## What the exercise asks
With the material below, print exactly the lines between the line holding "Vestidos mu&ntilde;ecas espa&ntilde;olas: camisa" and the line holding "Buy NeoStrata Oily", inclusive. Add nothing else.

%%

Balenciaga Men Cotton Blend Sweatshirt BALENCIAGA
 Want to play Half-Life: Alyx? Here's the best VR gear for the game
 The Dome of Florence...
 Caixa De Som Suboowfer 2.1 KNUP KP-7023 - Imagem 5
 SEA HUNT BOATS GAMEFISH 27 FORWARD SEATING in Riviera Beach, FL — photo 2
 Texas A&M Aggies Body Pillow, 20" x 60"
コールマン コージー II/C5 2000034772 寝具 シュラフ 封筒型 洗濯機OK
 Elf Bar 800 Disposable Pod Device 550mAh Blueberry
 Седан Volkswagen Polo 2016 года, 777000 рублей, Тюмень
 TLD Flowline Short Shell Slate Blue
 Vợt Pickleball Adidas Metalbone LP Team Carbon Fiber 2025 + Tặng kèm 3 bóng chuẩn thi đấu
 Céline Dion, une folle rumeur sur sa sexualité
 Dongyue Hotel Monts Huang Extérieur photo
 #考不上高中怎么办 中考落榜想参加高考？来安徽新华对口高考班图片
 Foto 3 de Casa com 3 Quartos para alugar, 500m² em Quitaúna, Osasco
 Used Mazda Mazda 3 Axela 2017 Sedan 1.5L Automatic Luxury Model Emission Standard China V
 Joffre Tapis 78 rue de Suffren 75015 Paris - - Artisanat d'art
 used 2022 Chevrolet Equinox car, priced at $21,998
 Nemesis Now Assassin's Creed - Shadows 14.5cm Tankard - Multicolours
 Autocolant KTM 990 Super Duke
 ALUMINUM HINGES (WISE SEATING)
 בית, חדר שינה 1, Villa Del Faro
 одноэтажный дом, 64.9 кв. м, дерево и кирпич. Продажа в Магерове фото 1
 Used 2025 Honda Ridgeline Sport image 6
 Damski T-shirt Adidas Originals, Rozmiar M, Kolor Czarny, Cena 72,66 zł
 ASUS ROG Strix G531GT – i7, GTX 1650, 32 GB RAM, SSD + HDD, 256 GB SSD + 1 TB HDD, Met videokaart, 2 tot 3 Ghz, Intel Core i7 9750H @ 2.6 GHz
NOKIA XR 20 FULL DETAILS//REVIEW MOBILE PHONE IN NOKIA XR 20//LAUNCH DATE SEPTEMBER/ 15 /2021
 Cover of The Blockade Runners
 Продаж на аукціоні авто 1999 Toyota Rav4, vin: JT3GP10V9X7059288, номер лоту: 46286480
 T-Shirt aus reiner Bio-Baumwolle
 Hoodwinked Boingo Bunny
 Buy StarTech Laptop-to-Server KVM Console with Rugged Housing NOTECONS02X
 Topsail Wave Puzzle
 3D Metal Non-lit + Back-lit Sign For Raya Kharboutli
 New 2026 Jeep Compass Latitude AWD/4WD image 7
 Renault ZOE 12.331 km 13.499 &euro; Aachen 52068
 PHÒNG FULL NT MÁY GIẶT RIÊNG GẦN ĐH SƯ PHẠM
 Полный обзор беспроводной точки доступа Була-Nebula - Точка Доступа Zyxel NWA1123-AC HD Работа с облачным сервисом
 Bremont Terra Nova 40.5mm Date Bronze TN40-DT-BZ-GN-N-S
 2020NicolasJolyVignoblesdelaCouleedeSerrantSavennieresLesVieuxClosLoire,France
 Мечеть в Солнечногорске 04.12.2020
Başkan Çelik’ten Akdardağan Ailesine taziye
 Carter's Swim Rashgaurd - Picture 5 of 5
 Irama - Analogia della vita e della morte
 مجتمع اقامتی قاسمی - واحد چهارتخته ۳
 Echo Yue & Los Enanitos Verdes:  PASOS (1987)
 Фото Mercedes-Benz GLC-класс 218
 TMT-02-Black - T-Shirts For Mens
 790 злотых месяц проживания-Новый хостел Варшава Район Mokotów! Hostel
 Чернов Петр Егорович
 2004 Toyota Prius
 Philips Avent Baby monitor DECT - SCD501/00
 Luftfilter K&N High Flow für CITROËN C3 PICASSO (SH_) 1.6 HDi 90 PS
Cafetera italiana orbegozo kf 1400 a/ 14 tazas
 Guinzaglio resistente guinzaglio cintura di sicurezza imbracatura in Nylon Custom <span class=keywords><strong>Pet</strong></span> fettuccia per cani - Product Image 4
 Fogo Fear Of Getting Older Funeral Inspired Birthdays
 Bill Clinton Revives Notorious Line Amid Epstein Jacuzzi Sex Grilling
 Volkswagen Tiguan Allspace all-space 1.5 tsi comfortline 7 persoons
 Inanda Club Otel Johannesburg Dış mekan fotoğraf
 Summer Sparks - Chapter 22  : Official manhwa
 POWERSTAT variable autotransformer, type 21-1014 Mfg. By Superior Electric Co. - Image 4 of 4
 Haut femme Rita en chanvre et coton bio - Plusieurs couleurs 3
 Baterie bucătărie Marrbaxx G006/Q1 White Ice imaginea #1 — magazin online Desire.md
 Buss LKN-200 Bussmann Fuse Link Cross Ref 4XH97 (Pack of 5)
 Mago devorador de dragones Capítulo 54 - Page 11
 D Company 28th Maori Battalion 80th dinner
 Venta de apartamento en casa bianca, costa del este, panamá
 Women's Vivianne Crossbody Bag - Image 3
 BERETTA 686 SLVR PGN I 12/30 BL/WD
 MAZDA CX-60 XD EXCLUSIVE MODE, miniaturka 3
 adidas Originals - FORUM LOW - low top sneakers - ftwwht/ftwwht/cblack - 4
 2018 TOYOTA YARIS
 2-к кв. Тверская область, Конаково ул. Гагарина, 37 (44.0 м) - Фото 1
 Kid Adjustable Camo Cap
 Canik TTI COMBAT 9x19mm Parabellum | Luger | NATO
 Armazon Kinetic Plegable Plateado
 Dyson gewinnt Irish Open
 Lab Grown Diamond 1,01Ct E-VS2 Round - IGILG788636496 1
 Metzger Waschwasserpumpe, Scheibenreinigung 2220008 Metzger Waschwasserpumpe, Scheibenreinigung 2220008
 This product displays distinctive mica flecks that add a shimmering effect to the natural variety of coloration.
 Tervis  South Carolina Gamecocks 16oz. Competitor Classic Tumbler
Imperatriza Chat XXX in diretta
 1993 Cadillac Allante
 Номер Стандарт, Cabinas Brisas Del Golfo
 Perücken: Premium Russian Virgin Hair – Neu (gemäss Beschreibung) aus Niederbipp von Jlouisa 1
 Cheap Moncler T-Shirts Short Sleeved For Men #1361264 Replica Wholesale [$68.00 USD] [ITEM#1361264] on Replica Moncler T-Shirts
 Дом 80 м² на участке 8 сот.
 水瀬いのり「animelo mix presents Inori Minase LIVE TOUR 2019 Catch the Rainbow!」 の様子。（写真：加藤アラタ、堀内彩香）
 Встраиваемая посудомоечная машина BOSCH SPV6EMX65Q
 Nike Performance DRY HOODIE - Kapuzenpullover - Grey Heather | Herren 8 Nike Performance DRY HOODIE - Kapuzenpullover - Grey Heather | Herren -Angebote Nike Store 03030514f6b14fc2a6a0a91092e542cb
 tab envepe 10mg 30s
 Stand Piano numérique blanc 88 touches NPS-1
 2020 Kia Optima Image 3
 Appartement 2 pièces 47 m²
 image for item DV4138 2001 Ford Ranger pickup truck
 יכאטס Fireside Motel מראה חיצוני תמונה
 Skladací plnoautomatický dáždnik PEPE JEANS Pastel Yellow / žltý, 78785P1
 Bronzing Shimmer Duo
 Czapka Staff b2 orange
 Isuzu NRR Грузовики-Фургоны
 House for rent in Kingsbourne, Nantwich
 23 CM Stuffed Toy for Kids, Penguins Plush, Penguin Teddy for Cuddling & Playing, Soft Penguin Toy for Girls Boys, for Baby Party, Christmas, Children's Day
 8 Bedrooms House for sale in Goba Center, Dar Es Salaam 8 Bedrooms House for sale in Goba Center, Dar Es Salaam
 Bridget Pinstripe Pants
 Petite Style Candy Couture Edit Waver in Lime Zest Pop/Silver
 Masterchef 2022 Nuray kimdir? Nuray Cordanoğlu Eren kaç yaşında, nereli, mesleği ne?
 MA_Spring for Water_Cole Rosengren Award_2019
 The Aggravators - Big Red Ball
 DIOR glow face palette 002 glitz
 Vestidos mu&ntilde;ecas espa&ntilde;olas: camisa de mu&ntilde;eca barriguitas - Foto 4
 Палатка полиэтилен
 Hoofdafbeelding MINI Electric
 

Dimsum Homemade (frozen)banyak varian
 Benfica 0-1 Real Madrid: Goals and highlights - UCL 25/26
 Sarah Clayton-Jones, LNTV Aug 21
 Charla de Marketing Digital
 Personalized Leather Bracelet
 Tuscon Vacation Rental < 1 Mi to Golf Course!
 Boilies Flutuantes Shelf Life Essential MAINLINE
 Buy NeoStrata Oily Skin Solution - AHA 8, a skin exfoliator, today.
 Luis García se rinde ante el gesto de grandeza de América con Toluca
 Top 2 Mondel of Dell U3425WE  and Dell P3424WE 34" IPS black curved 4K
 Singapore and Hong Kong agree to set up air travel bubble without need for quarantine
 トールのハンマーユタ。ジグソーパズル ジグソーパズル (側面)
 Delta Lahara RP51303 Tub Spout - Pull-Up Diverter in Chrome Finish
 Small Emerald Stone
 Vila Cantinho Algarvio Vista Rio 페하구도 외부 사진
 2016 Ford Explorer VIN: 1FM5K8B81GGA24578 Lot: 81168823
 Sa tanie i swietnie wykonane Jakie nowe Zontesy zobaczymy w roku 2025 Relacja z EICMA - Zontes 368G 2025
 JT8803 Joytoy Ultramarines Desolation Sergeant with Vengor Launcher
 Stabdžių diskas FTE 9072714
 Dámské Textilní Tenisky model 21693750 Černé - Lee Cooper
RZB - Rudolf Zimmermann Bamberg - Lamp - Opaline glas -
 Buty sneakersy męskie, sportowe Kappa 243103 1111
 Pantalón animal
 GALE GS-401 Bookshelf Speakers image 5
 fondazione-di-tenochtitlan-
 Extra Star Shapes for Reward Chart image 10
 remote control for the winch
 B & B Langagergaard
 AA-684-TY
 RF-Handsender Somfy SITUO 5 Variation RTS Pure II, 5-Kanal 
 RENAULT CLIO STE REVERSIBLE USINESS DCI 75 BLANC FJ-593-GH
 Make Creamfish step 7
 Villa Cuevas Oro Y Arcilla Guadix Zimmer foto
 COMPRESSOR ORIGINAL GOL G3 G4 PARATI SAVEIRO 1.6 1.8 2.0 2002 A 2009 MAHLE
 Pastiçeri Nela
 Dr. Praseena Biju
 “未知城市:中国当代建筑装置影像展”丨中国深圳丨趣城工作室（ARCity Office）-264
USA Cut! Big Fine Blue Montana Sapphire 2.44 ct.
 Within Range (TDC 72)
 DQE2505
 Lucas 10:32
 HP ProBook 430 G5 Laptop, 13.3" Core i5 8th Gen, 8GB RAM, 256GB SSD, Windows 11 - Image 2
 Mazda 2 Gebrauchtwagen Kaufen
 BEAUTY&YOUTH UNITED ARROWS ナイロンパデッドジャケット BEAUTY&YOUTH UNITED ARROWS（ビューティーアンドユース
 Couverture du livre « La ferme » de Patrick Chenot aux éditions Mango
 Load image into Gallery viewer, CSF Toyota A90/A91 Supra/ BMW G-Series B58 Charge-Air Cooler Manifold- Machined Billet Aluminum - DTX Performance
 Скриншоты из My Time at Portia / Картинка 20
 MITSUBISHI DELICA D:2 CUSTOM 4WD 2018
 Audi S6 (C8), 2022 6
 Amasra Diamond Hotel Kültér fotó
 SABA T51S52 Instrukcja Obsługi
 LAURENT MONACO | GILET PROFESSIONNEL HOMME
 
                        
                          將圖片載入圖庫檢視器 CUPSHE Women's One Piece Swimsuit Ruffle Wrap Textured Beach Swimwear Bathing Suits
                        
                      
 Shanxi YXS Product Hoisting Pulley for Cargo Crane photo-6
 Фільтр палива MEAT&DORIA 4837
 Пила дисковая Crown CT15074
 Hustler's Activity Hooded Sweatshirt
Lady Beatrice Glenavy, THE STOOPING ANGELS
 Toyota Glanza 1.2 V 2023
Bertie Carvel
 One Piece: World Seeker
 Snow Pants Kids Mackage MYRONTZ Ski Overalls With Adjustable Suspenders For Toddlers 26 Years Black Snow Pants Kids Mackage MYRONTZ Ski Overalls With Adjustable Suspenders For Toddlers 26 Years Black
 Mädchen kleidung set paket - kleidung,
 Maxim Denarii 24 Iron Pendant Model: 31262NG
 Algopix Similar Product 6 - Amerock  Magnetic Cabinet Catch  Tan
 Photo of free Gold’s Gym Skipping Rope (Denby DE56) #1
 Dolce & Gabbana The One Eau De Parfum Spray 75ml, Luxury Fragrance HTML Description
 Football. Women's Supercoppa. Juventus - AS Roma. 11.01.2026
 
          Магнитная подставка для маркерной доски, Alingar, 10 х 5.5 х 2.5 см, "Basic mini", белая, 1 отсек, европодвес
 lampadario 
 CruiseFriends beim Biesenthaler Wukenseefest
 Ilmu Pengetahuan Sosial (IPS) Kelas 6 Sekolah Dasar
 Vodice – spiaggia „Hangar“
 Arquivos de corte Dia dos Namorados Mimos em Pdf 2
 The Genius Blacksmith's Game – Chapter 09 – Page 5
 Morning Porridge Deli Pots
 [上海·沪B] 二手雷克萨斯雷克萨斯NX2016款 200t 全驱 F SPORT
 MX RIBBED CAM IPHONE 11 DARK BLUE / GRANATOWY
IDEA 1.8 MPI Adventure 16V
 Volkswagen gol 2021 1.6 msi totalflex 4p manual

%%

## Your response
 Vestidos mu&ntilde;ecas espa&ntilde;olas: camisa de mu&ntilde;eca barriguitas - Foto 4
 Палатка полиэтилен
 Hoofdafbeelding MINI Electric
 

Dimsum Homemade (frozen)banyak varian
 Benfica 0-1 Real Madrid: Goals and highlights - UCL 25/26
 Sarah Clayton-Jones, LNTV Aug 21
 Charla de Marketing Digital
 Personalized Leather Bracelet
 Tuscon Vacation Rental < 1 Mi to Golf Course!
 Boilies Flutuantes Shelf Life Essential MAINLINE
 Buy NeoStrata Oily Skin Solution - AHA 8, a skin exfoliator, today.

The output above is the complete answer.